In the summer of 1945, as crowds in Allied nations worldwide basked in the afterglow of the victory in Europe and the Battle of Okinawa raged, the feel-good Shangri-la rescue story shared the headlines. Hastings was America’s sweetheart and the Army’s million-dollar bond baby. In July attention would shift to President Harry S. Truman’s attendance at the Potsdam Conference, in August to the atomic bombings of Hiroshima and Nagasaki, and in September to V-J Day. But for a few weeks that June readers nationwide scrambled to find New Guinea on their maps and re-read Hilton’s Lost Horizon as they thrilled to the story of the brave little WAC who’d been marooned in the jungle and brought home safely.

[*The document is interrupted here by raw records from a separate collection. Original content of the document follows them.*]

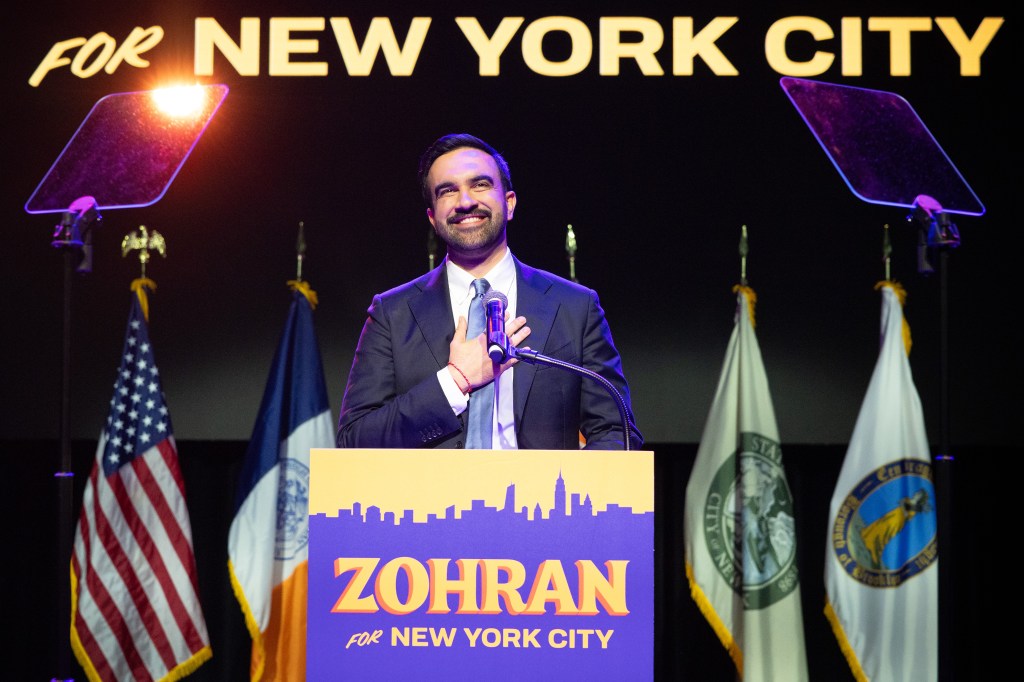 Zohran Mamdani, a smiling man in a suit, speaks at a podium with “Zohran for New York City” on the front, flanked by American and New York City flags.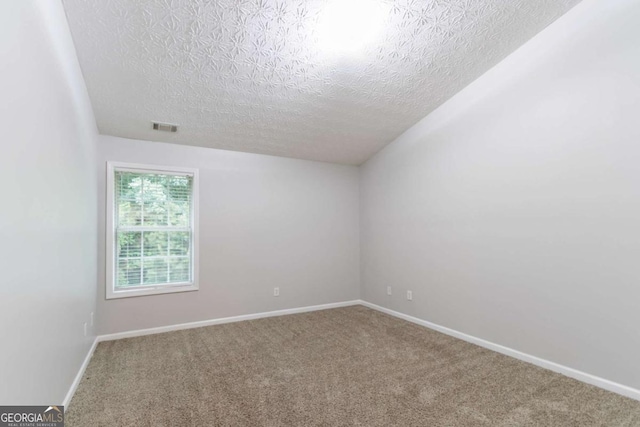 541 Shadow Valley Ct, Lithonia, GA 30058 - unfurnished room with a textured ceiling, carpet floors, and baseboards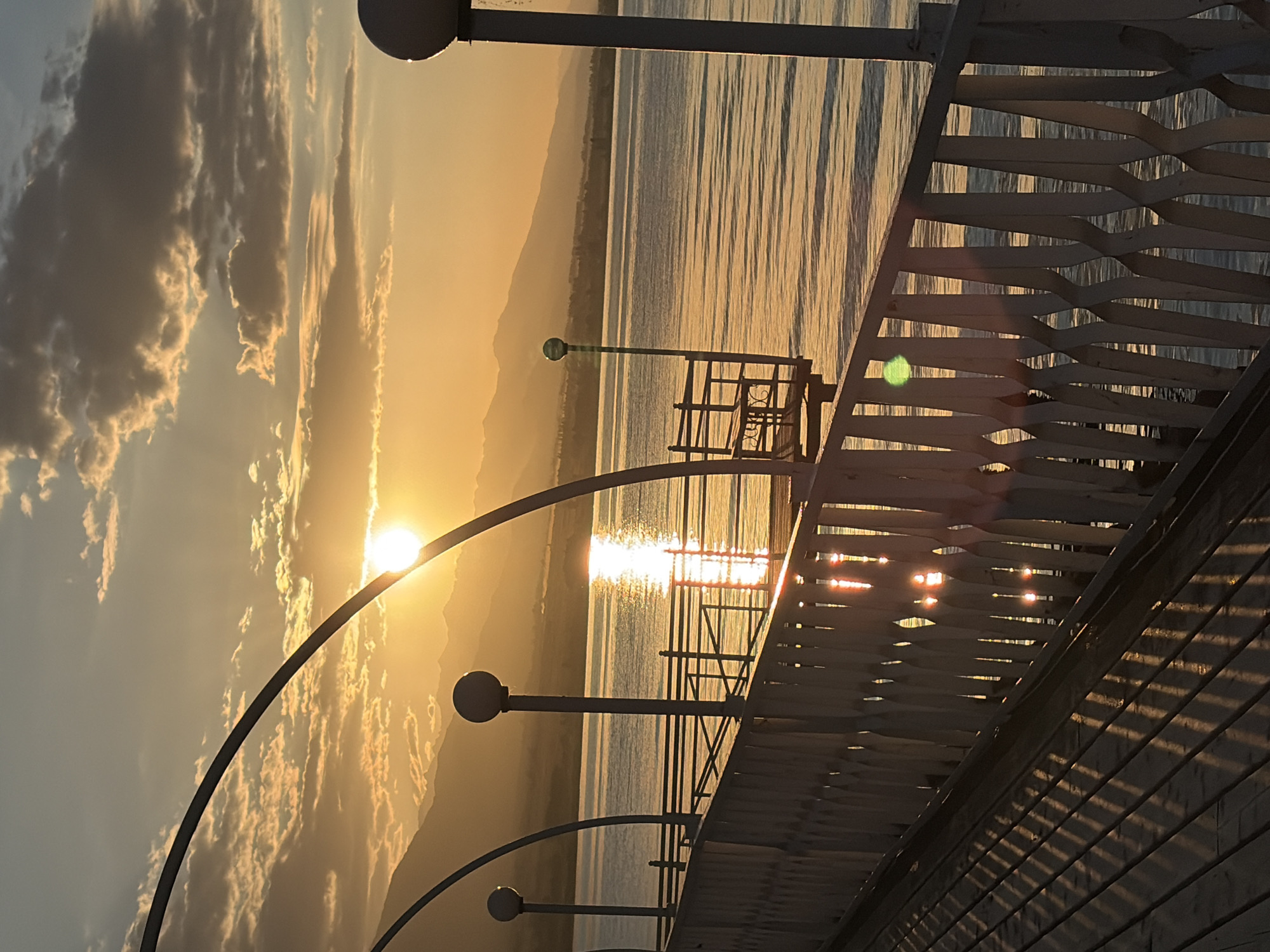 A sunset over a body of water is depicted, with a pier in the foreground. The sun is low on the horizon, casting a warm, golden light across the scene. The sky is filled with clouds, some of which are illuminated by the setting sun. In the distance, mountains can be seen. The pier is made of wood and has a white railing. There are streetlights on the pier. The water is calm and reflects the colors of the sky.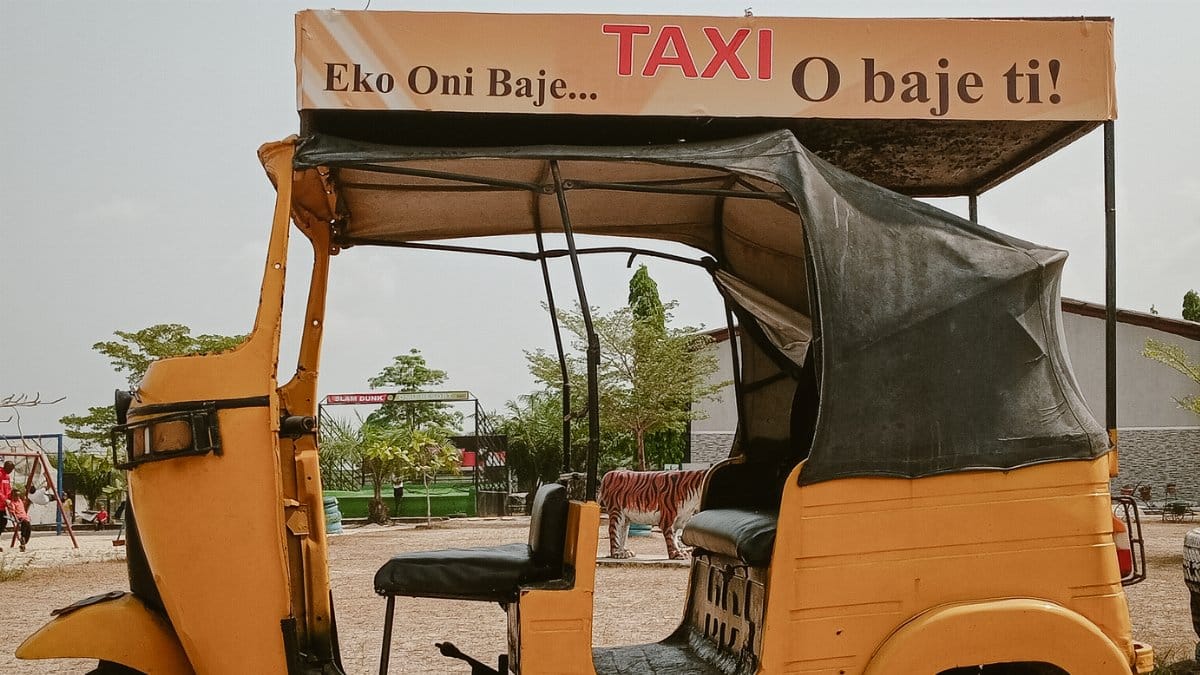 A traditional yellow tuk tuk taxi parked outdoors in a Nigerian setting, showcasing local culture.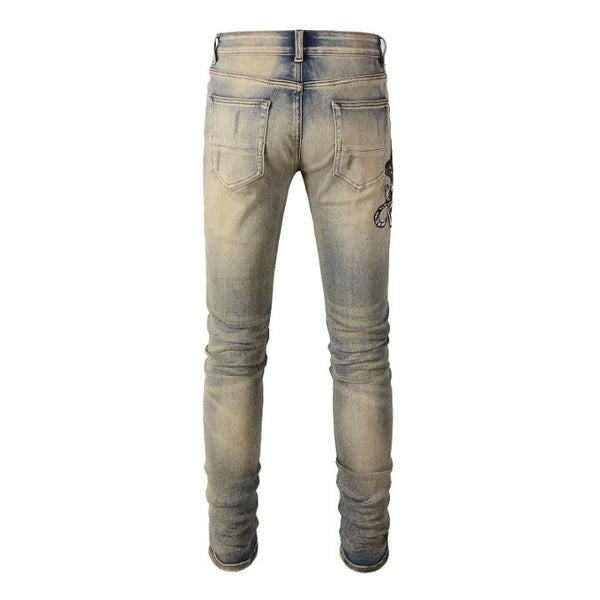 Distressed Light Blue and Faded Yellow Slim Fit Jeans with Embroidered Snake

After being mustered out of the Army in December 1945, Hastings returned home to Owego. For months afterward strangers stopped her on the street to ask for an autograph, a photograph or both. By July 1946 she was still decompressing, living with her widowed father, when This Week magazine came calling. When the interviewer pressed about her marital plans, Hastings, in a shocking burst of candor, said, “I’m not sure I go for the kind of man who’s supposed to make a good husband.” Just home from the war, she wanted only to attend Syracuse University on the G.I. Bill and perhaps join a sorority.

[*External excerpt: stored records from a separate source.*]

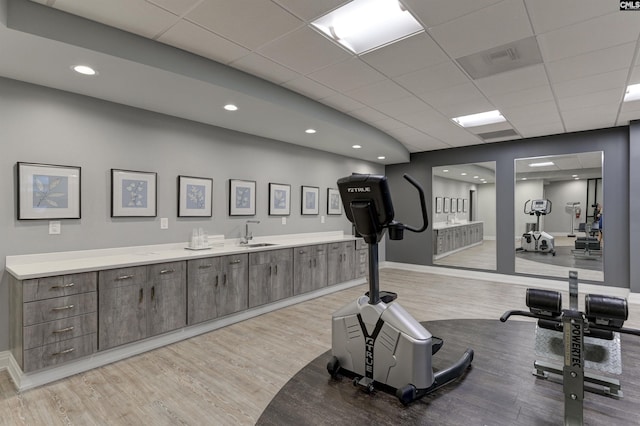 1829 Senate St Unit 11-A, Columbia, SC 29201 - workout room featuring a drop ceiling, light wood-type flooring, a sink, and baseboards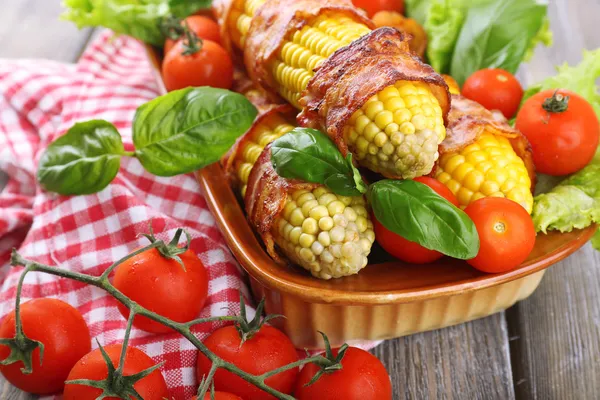 Grilled bacon wrapped corn on table, close-up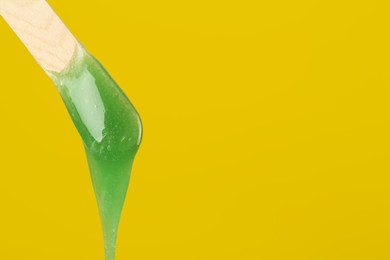 Photo of Wooden spatula with hot depilatory wax on yellow background. Space for text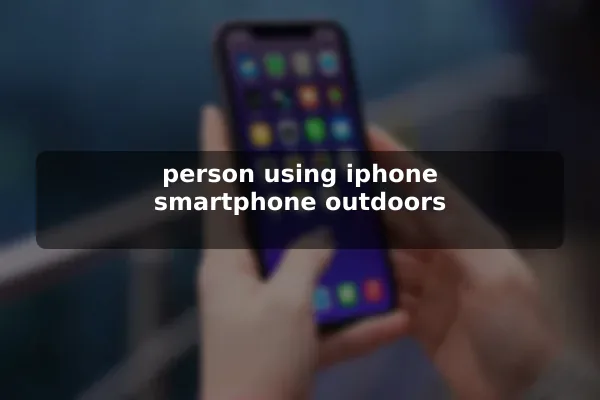 person using iphone smartphone outdoors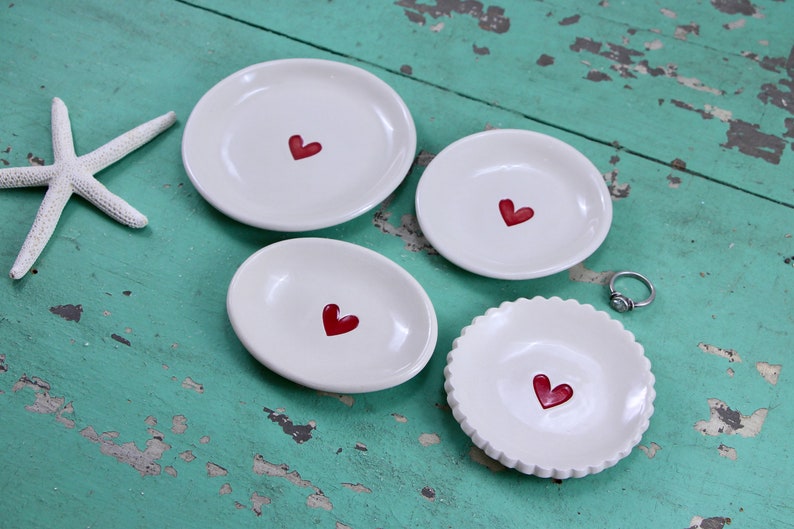 May include: Five white ceramic dishes with red heart designs. The dishes are of varying sizes and shapes, and are arranged on a turquoise wooden surface.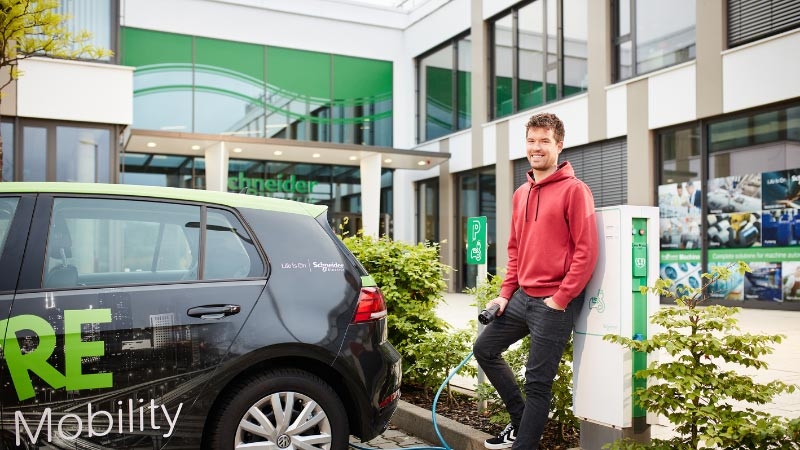 Dual studies, student next to an electric car and an e-charging station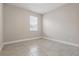 Serene bedroom with tile floors, a window, and calming wall color at 168 Jensen Dr, Groveland, FL 34736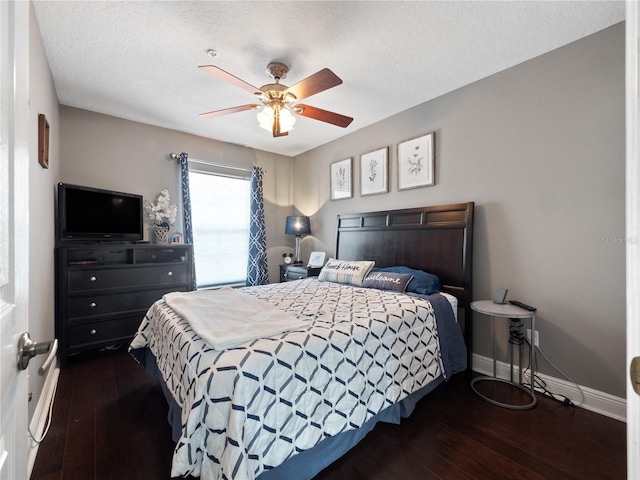 bedroom with a textured ceiling, dark wood-type flooring, and ceiling fan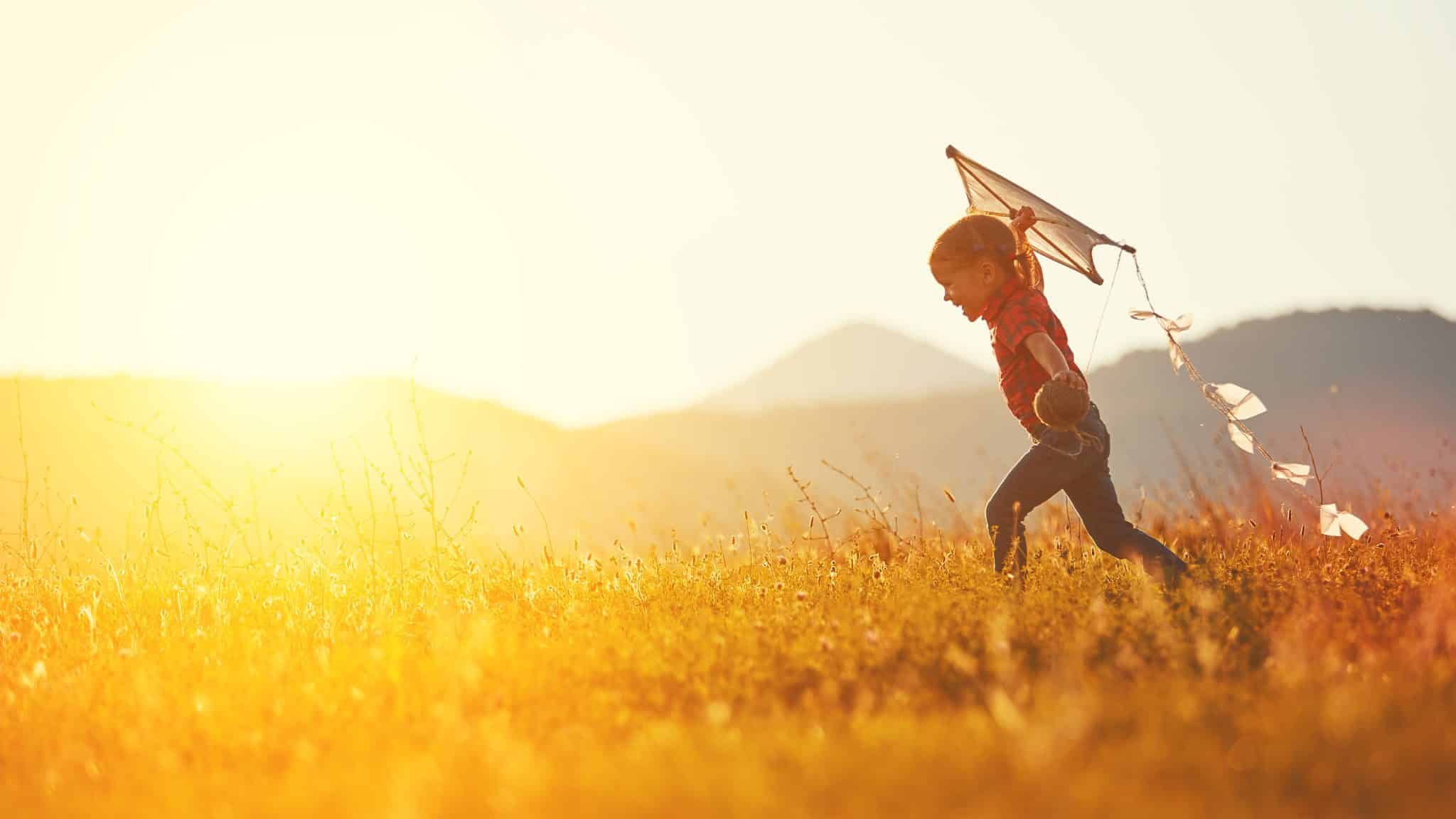 Happy,Child,Girl,With,A,Kite,Running,On,Meadow,In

When those plans didn’t pan out, Hastings took a job as a hotel secretary in New York City, where she finally met her future husband, insurance salesman Robert C. Atkinson. They wed quietly on June 24, 1949. Three years later Mrs. Atkinson—who remained, if not a celebrity, at least an object of curiosity—was invited onto Ralph Edwards’ new NBC TV show This Is Your Life. In the preshow rehashing of her story a creative screenwriter had natives throwing spears at the C-47 as it came down and the survivors spending 46 days in an “island paradise.” The actual story did not get the in-depth treatment it deserved for decades. In 1997 retired Army Air Forces Col. Edward T. Imparato, a former commander of the 374th Troop Carrier Group, concisely related the operation in his book Rescue From Shangri-la, while Mitchell Zuckoff’s 2011 New York Times best seller Lost in Shangri-la fully dispelled the Army propaganda and newspaper myth that had shrouded accounts of the crash and rescue.

Hollywood never latched onto the story. The glut of war stories offered up after 1945 likely dampened any enthusiasm, and when the starring heroine herself showed no interest in a B-movie treatment, the limelight shifted to more willing subjects. Perhaps in the era of female empowerment the tale will finally merit big-screen treatment. Behind the scenes the Army didn’t forget the incident that had brought the corporal notoriety. In 1958 a team from the American Graves Registration Service finally recovered the remains of the 21 victims buried at the crash site in 1945. They were reinterred the following summer at Jefferson Barracks National Cemetery south of St. Louis. As for the “Queen of Shangri-la,” Margaret (née Hastings) Atkinson raised a son and daughter, later divorced, continued to work as an admin for the Air Force and died at age 64 on Nov. 24, 1978. MH

Richard Selcer is a Texas-based author and history professor who has published 13 books and taught for more than 40 years. He gleaned much of Hastings’ story from period newspapers. For further reading Selcer recommends Lost in Shangri-la: A True Story of Survival, Adventure and the Most Incredible Rescue Mission of World War II, by Mitchell Zuckoff, and Rescue From Shangri-la, by Col. Edward T. Imparato.